En Côte d’Ivoire, depuis 2022, les acteurs luttant contre la lèpre mènent un projet global intégrant un dépistage actif dans les dix districts où la maladie est le plus endémique. Le projet pilote lancé à Gagnoa a impliqué, de manière très active, les communautés du district.

 

« Les maladies tropicales négligées, comme la lèpre ou l’ulcère de Buruli, touchent beaucoup la population. Mon fils a eu un ulcère de Buruli, et il a été amputé d’une jambe l’an dernier, à l’âge de 31 ans… C’est pour cela que je me suis engagé dans le projet, je ne veux plus jamais voir ça ! ». Jonas Brou est animateur de la Fondation Raoul Follereau. De juin 2022 à juin 2024,  il a parcouru les 60 villages du district de Gagnoa pour sensibiliser la population sur les maladies tropicales négligées (MTN) cutanées  et animer des comités sur les bonnes pratiques en termes d’eau, d’hygiène et d’assainissement.
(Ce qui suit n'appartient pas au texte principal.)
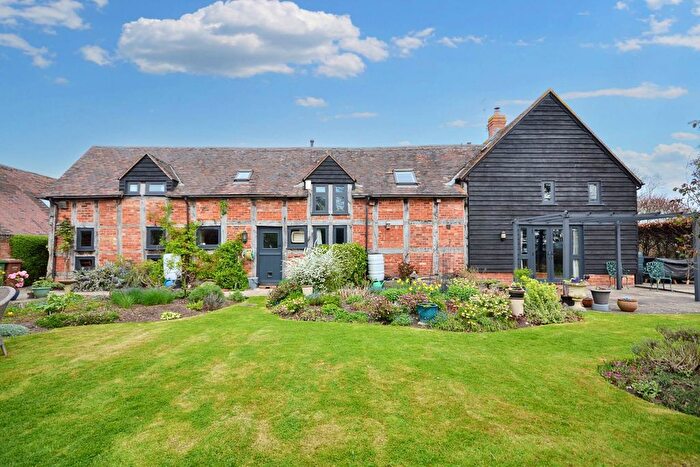 3 Bedroom Barn Conversion For Sale In Deerfold Court, Besford Road, Besford, Worcestershire, WR8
Au centre-ouest de la Côte d’Ivoire, Gagnoa est l’un des dix districts sanitaires où la lèpre est le plus endémique. Le projet de dépistage actif qui y a été mené s’intègre dans un vaste plan d’action établi par les partenaires de lutte contre la lèpre dans le pays. En juin 2022, ces acteurs rassemblés sous le « Global Partnership for Zero Leprosy », ont établi une feuille de route visant, d’ici 2030, à réduire de 70% le nombre de nouveaux cas de lèpre et à diviser par 10 les infirmités graves liées à la maladie et le nombre d’enfants atteints. « En Côte d’Ivoire, les chiffres stagnaient (environ 500 nouveaux malades par an) et les conditions étaient réunies pour aller de l’avant » explique le docteur Christian Johnson, directeur médical de la Fondation Raoul Follereau, « il y avait une base de données solide, un réseau d’infirmiers superviseurs de la lèpre, 4 centres de référence répartis sur le territoire, des stratégies assimilées en eau, hygiène et assainissement et en soins des plaies ». Dans le district de Gagnoa, le projet pilote mené par la Fondation Raoul Follereau avec la Fondation Anesvad, a intégré un dépistage de la lèpre et des autres MTN à manifestation cutanée, avec une mobilisation des communautés : l’objectif était de recevoir en consultation 90% de la population du district, d’identifier les cas contacts des malades de la lèpre pour leur donner un traitement préventif, de sensibiliser les communautés à la lutte contre ces maladies et d’améliorer les structures et les pratiques en matière d’eau, d’hygiène et d’assainissement.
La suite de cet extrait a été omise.